O carro velho vendido por site inconfiável
Está-se falando do "plebiscito branco", sugerido por Lira e apoiado por Gilmar, para aprovar a troca do regime presidencialista para semipresidencialista
O carro velho vendido por site inconfiável
Está-se falando do "plebiscito branco", sugerido por Lira e apoiado por Gilmar, para aprovar a troca do regime presidencialista para semipresidencialista
Foto: Adriano Machado/Crusoé
Em seminário promovido pelo site JOTA, na segunda-feira, o presidente da Câmara, Arthur Lira (foto), afirmou que as eleições deste ano podem servir como um “plebiscito branco” para a aprovação no ano que vem da mudança do regime presidencialista para o semipresidencialista. “Se amadurecermos o debate, se a discussão ganhar corpo, como eu imagino que aconteça, a gente pode deixar que as eleições funcionem como um plebiscito branco, para que a população encarne ali os deputados e senadores que vão defender esse tema”, disse Arthur Lira.

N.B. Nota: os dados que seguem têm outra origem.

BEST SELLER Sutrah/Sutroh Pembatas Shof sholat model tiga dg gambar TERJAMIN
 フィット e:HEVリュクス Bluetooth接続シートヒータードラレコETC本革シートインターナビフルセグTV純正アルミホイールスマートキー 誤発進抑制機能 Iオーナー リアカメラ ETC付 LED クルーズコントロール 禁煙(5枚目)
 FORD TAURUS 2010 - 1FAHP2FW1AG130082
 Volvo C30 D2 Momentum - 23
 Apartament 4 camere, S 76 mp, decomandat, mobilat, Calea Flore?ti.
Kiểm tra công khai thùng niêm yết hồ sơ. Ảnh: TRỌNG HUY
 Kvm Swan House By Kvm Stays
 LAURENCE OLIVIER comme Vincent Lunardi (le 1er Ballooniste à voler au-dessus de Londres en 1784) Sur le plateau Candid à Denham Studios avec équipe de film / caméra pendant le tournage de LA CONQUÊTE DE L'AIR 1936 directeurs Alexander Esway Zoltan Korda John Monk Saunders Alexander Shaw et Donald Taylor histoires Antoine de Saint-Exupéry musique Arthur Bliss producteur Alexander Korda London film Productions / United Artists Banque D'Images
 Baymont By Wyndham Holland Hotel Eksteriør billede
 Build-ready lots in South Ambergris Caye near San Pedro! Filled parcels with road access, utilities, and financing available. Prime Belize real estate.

O pressuposto é que, como vivemos na prática um “presidencialismo de coalizão”, o negócio seria mudar logo para semipresidencialismo e pronto.
A sugestão foi apoiada por outro participante do seminário, o ministro do STF Gilmar Mendes. Estranho seria se fosse o contrário. Na presidência de Michel Temer, ele ajudou — como “cidadão” — na confecção de um projeto que visava a dar um chapéu na Constituição e mudar o regime político brasileiro para semipresidencialista, sem a realização de um “plebiscito preto no branco”, como deve ser. “Seria uma mera reforma que poderia ser chancelada nas eleições”, disse Gilmar Mendes, ao apoiar o “plebiscito branco” proposto por Arthur Lira.
Basicamente, o “plebiscito branco” não seria plebiscito coisa nenhuma. Os espertos partem do pressuposto de que, se o cidadão votar num senador ou deputado que apoia o semipresidencialismo, isso significa que ele também apoia o semipresidencialismo. Só que ninguém vota em senador ou deputado para mudar o regime político, muito menos quando essa escolha se dá em conjunto com a de presidente e governadores. A mudança, que justamente dará mais poder a deputados e senadores, o que os torna diretamente interessados, precisa ser discutida em separado pela sociedade, cabendo ao cidadão decidir ele próprio sobre o assunto. Em junho do ano passado, abordei o semipresidencialismo num artigo. Escrevi o seguinte:
“Volta e meia discute-se a mudança de regime político no Brasil, para dar fim à instabilidade permanente na qual vivemos. Foi assim com o parlamentarismo, que jamais vingou no Brasil, acostumados que estamos à visão sebastianista de presidente salvador da pátria e porque ele sempre teve cheiro, gosto e textura de golpe, como em 1961, quando se quis impedir que João Goulart fosse presidente de fato. Gostamos de chefes supremos (ou poderosos chefões, como demonstram os últimos anos), não tem jeito. Uma questão é saber se o semipresidencialismo, em vez de nos dar dois chefes complementares, não nos daria dois semichefes, o que é ter chefe nenhum. Os pesos e contrapesos não podem dar margem a dúvidas sobre as respectivas competências. A outra questão é saber como evitar que alianças parlamentares aparentemente sólidas se desmanchem no ar pesado do fisiologismo, levando à queda de bons primeiros-ministros — ou à permanência de maus primeiros-ministros que traiam os princípios que deveriam guiá-los.
A segunda questão conduz necessariamente a uma terceira: dá para ter semipresidencialismo com o tipo de eleição proporcional que privilegia os caciques e as suas escolhas pessoais? Não dá. Seria imprescindível introduzir o voto distrital, a fim de que os partidos ganhassem representatividade e, assim, o primeiro-ministro a ser escolhido pelos seus pares tivesse legitimidade política e social. Voto distrital que não seja distritão, bem entendido, que é malandragem para beneficiar os oligarcas de sempre.
A discussão sobre mudança de sistema é válida, desde que a sociedade não seja alijada dela e desde que, uma vez consumada a mudança, ele não sirva para maquiar a podridão visível a olho nu. Semipresidencialismo não pode ser carro velho vendido como seminovo.”
É o que continuam tentando fazer com os brasileiros: vender-lhes um carro velho como se fosse seminovo. E sem que os cidadãos possam examinar de perto o carro velho. O “plebiscito branco” seria como a compra, por meio de um site inconfiável, de um veículo reformado às pressas, para que apenas pareça melhor do que é na realidade.